Une société qui n’est pas formée, sécurisée et outillée pour comprendre ses propres intérêts collectifs peut reproduire les dynamiques qui la détruisent.
Si les conditions sociales et culturelles sont dégradées, la démocratie peut devenir un amplificateur de court-termisme plutôt qu’un outil de soin du monde.
Un constat : l’hypothèque sur le vivant et l’avenir
Nous consommons massivement des ressources non renouvelables, hypothéquant les capacités d’existence des générations futures. Nous détruisons des écosystèmes entiers, réduisant la biodiversité nécessaire à la résilience du vivant. Nous modifions le climat à une vitesse qui rend certaines régions déjà difficilement habitables.
Dans le même temps, le monde reste structuré par des frontières économiques, sociales et géopolitiques qui produisent des écarts massifs de conditions de vie.
Pistes de convergence pour un avenir soutenable
Réconcilier l’économique, l’écologique et le social suppose de changer de logique.
Il s’agit d’imaginer une organisation sociale où :
- l’économie est un moyen au service du vivant, et non l’inverse ;
- l’écologie est intégrée comme condition de toute prospérité durable ;
- le social garantit à chacun les capacités réelles d’exister dignement et de participer.
Un tel projet implique un rééquilibrage profond des rapports de pouvoir.
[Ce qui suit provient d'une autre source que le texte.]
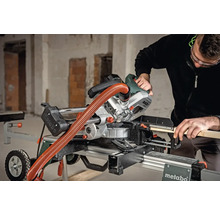 Eine Person bedient eine Metabo Kapp- und Gehrungssäge auf einem Arbeitstisch.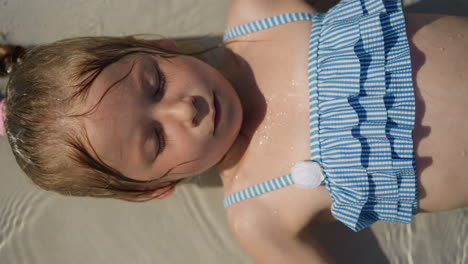 Calm little girl lies in clear shallow pool with closed eyelids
Deux dynamiques politiques complémentaires
1. L’empuissantement des pouvoirs populaires
Les communautés lésées socialement et écologiquement doivent disposer de moyens réels d’organisation, d’expertise et de pression, capables de rivaliser avec les forces économiques dominantes.
Cela passe par des politiques publiques effectives :
- régulation forte des activités polluantes ;
- investissements massifs dans les transports collectifs et doux ;
- rénovation énergétique du bâti ;
- protection stricte des écosystèmes ;
- interdiction de pratiques destructrices avérées.
Sans contre-pouvoir structuré, les intérêts du vivant restent symboliques. Les lobbies économiques l’emportent dans la décision commune.
2. L’empuissantement des pouvoirs culturels
Aucune transition ne sera durable sans transformation des représentations, des valeurs et des récits dominants.
Il s’agit de rendre désirable :
- la sobriété heureuse et choisie plutôt que la surconsommation
- l’interdépendance plutôt que la domination
- la diversité du vivant plutôt que l’anthropocentrisme exclusif
Les arts, l’éducation, les médias et les sciences humaines jouent ici un rôle politique majeur.